To identify the limiting reactant, we compare the number of moles of each reactant with the stoichiometry of the balanced equation. For our exercise, we calculated the moles of both sodium phosphate and barium chloride and then applied the stoichiometric ratios from the balanced equation. The comparison \[(0.100 \text{ moles Na}_3PO_4) / (2 \text{ moles Na}_3PO_4) = (0.1156 \text{ moles BaCl}_2) / (3 \text{ moles BaCl}_2)\] revealed that barium chloride is the limiting reactant.

This is critical information because it informs us how much product can be formed. In the context of our exercise, knowing which reactant is limiting allowed us to accurately calculate the moles of barium phosphate produced, leading us to find the mass of the precipitate. Without this step, you could either waste materials or end up with less product than expected.

Mole-to-Mass Conversion

Mole-to-mass conversion is the process of converting between the amount of substance (moles) and its corresponding mass. This is necessary because chemical reactions are often discussed in terms of moles, but practical applications require knowing the actual mass. The key to this conversion is the molar mass, which is the mass of one mole of a substance, typically expressed in grams per mole (g/mol).

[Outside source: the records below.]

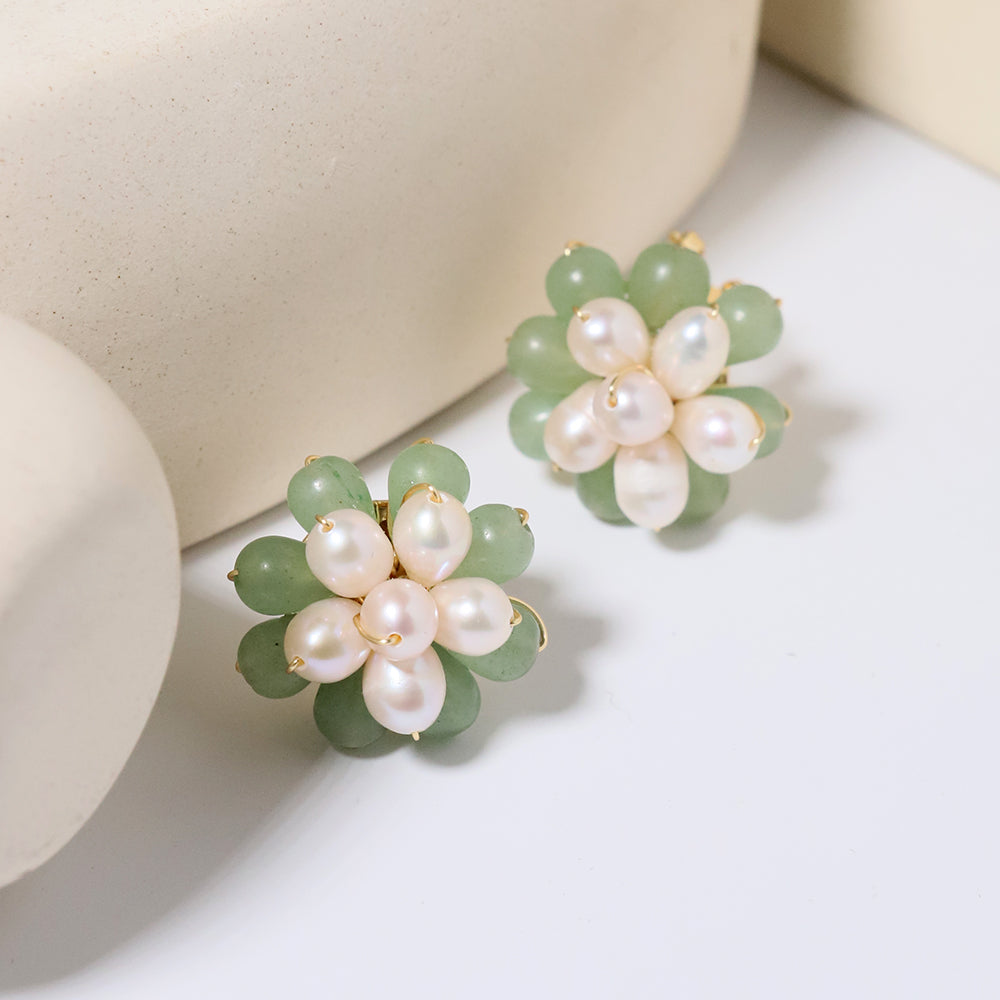 Natural Freshwater Pearl Natural Stone Flower Earrings Korean Style Women Luxury Jewelry Fashion Ladies and Girls Gift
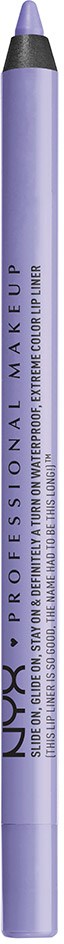 A purple eyeliner pencil with black and white cap and text on the body.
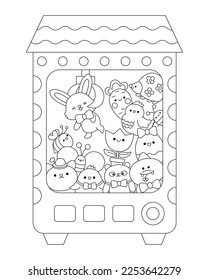 Vector black and white kawaii toy vending machine with Easter toys. Cute gadget illustration with bunny, chick, colored egg. Funny cartoon gambling game icon or coloring page
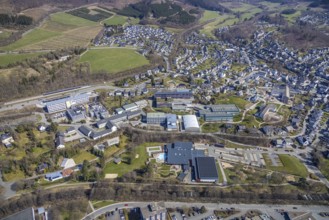 Aerial view, construction site at the vocational college Olsberg of the HSK, Olsberg railway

In our exercise, the last step was to calculate the mass of barium phosphate formed. We did this by multiplying the moles of barium phosphate (0.03853) by its molar mass (601.98 g/mol), resulting in 23.2 g of barium phosphate. The molar mass is calculated by adding together the masses of all the atoms in the compound, considering their respective quantities.

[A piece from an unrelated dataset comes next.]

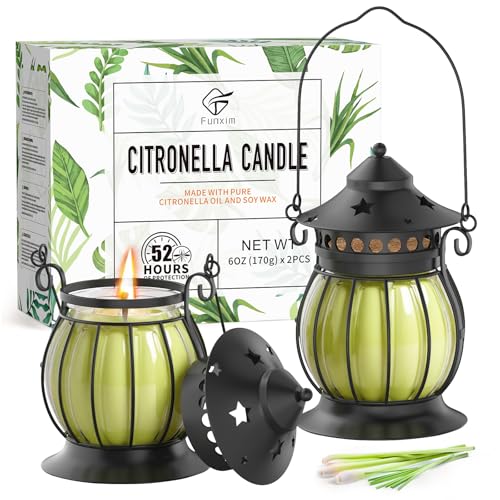 Citronella Candles Outdoor 2 Pack 6oz Lemongrass Scented Soy Wax Candles with Vintage Metal Lantern Holder Outdoor Candle for Patio Garden Camping Decor Yellow Green Gift Set for Women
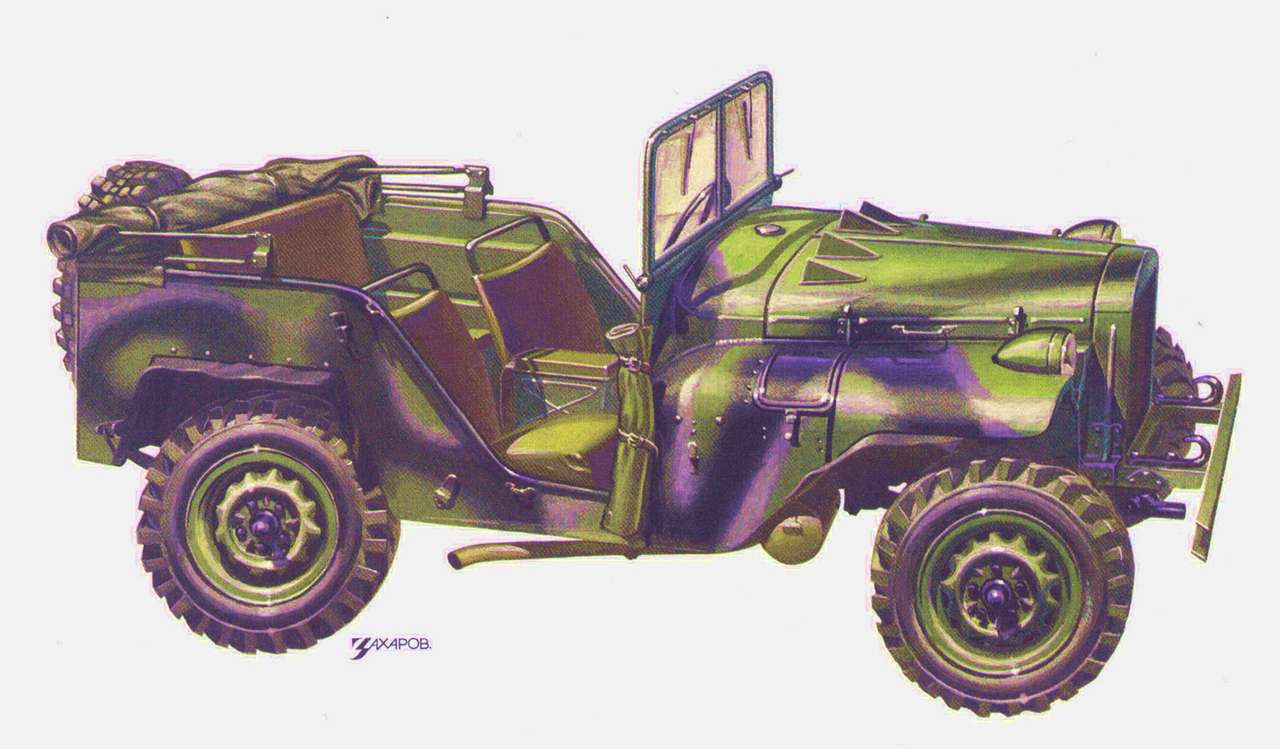  Вездеход ГАЗ-64. В период с 1941 по 1943 год выпущено 672 машины. Рисунок Александра Захарова для исторической серии журнала «За рулем»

The molar mass serves as a conversion factor between moles and grams, allowing chemists and students alike to bridge the gap between the microscopic (individual molecules and atoms) and the macroscopic (measurable amounts of chemicals). This conversion is vital in laboratory settings for measuring, purchasing, and applying substances with the precision that chemistry demands.